Exercise aim:
All of the entries below should be printed exactly; the pictures are to be left out.

Input records:
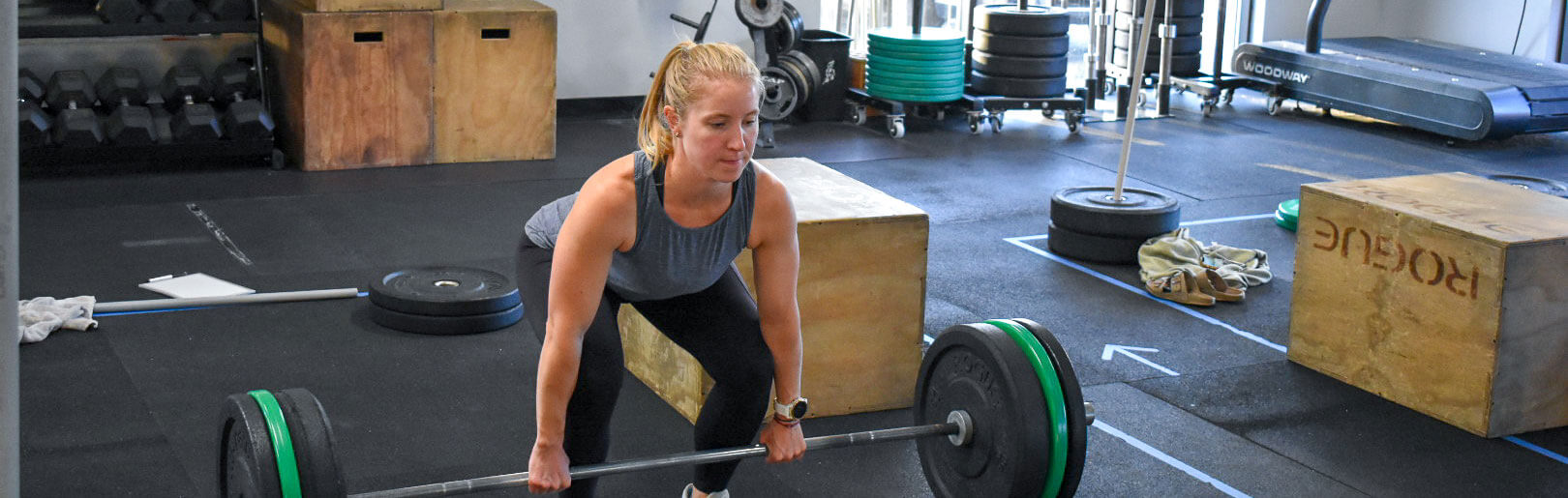 Female member deadlifts at CrossFit Alaska.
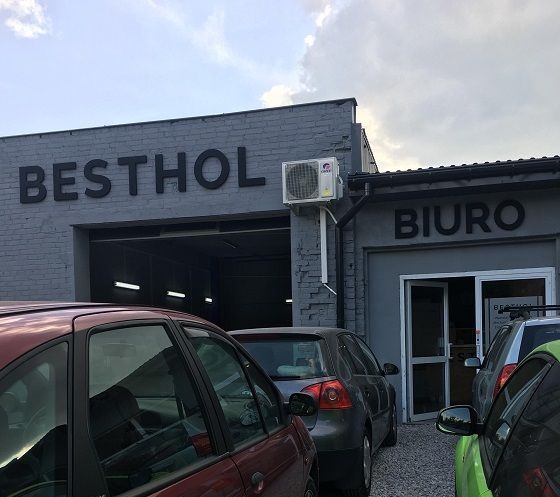 Fasada warsztatu samochodowego Besthol z widocznym wejściem do hali i biura, zaparkowane samochody w pierwszym planie.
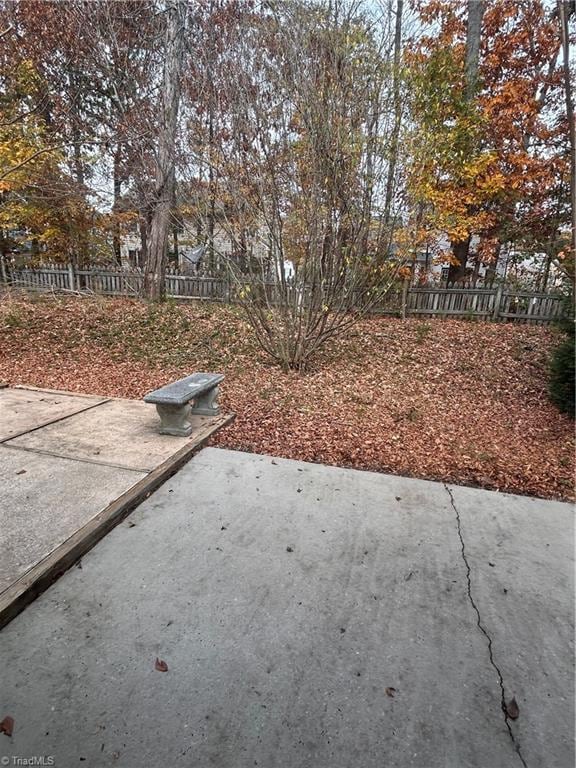 view of yard featuring fence and a patio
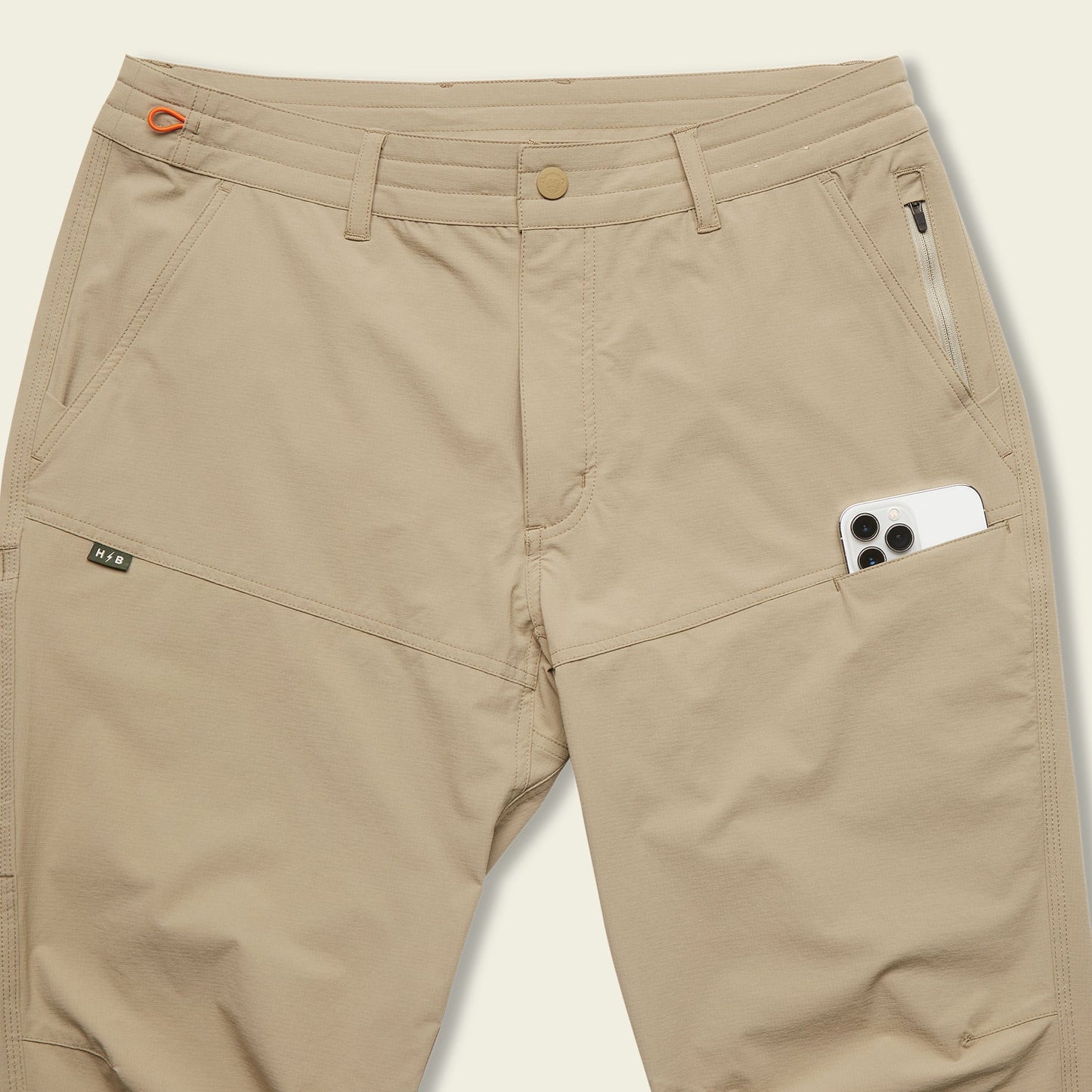 Beige tech pants with multiple pockets, including a zippered pocket and a large side pocket holding a white smartphone. These stretch nylon pants feature a button closure and belt loops for comfort and functionality.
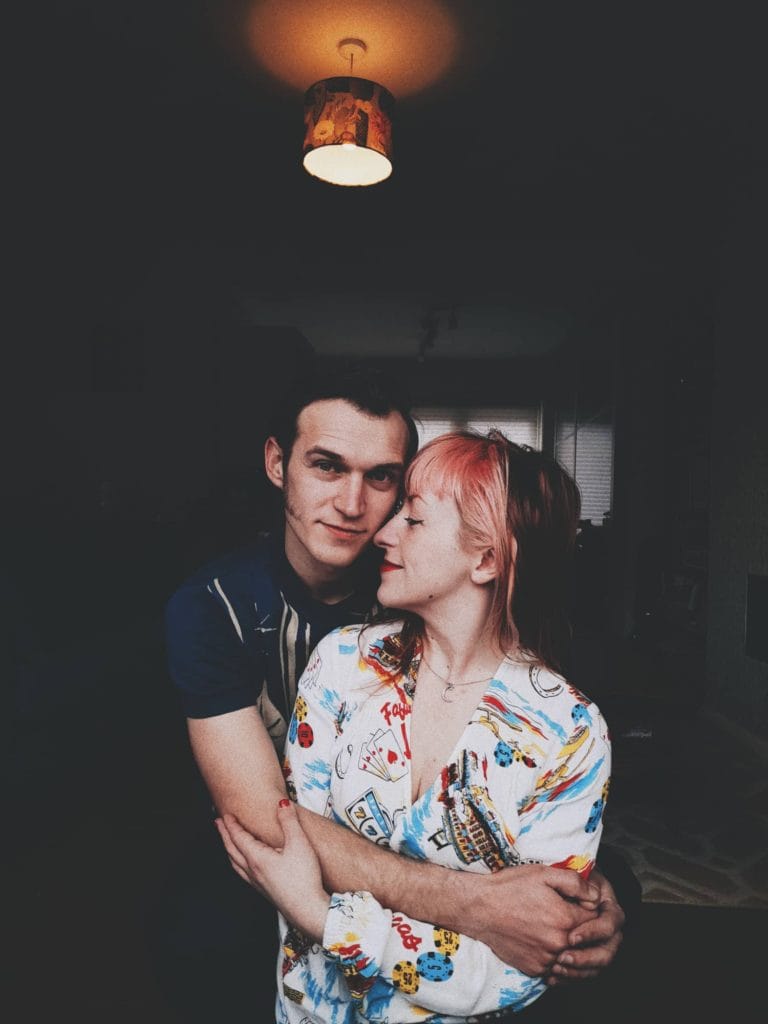 couple embrace for portraits via phone photo shoot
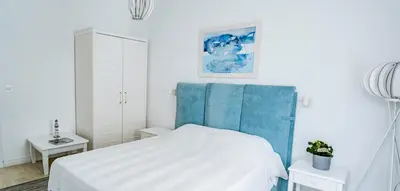 a bedroom with a white bed and a blue headboard at KApartments in Varna City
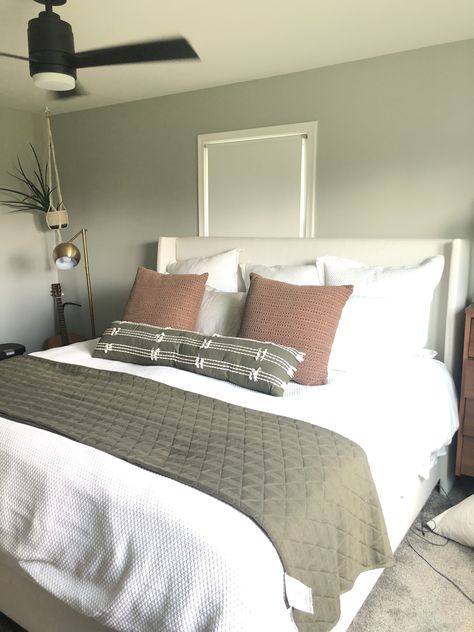 Gray White And Olive Green Bedroom, White Bed Green Walls, Overtly Olive Bedroom Ideas, Olive Green Guest Room, Bedroom Inspirations Olive Green, Green Bedroom White Bed, Olive Wall Bedroom, Olive Green And Blush Bedroom, Bedroom With Olive Green Accents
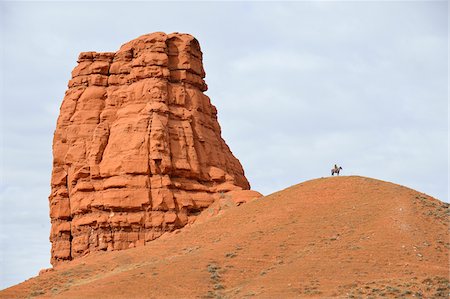 free fall - Cowboy Riding Horse in the distance, Castel Rock, Wyoming, USA Stock Photo - Premium Royalty-Free, Code: 600-08082915
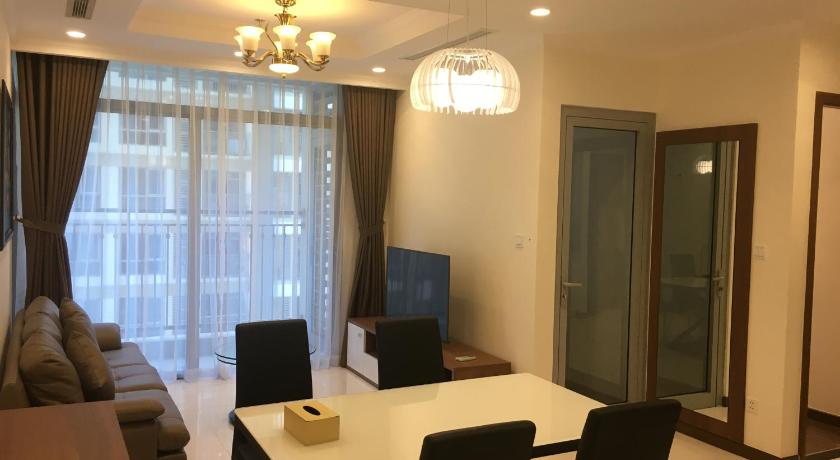 a living room filled with furniture and a tv, Capitalland's Service Apartment Landmark Plus Vinhomes in Ho Chi Minh City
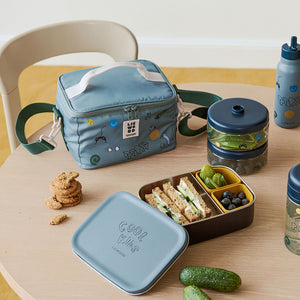 A lifestyle photo on a wooden surface showing the open play dusty peppermint lunch bag, a matching green snack container, and an open lunchbox filled with food.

Final answer:
 Female member deadlifts at CrossFit Alaska.
 Fasada warsztatu samochodowego Besthol z widocznym wejściem do hali i biura, zaparkowane samochody w pierwszym planie.
 view of yard featuring fence and a patio
 Beige tech pants with multiple pockets, including a zippered pocket and a large side pocket holding a white smartphone. These stretch nylon pants feature a button closure and belt loops for comfort and functionality.
 couple embrace for portraits via phone photo shoot
 a bedroom with a white bed and a blue headboard at KApartments in Varna City
 Gray White And Olive Green Bedroom, White Bed Green Walls, Overtly Olive Bedroom Ideas, Olive Green Guest Room, Bedroom Inspirations Olive Green, Green Bedroom White Bed, Olive Wall Bedroom, Olive Green And Blush Bedroom, Bedroom With Olive Green Accents
 free fall - Cowboy Riding Horse in the distance, Castel Rock, Wyoming, USA Stock Photo - Premium Royalty-Free, Code: 600-08082915
 a living room filled with furniture and a tv, Capitalland's Service Apartment Landmark Plus Vinhomes in Ho Chi Minh City
 A lifestyle photo on a wooden surface showing the open play dusty peppermint lunch bag, a matching green snack container, and an open lunchbox filled with food.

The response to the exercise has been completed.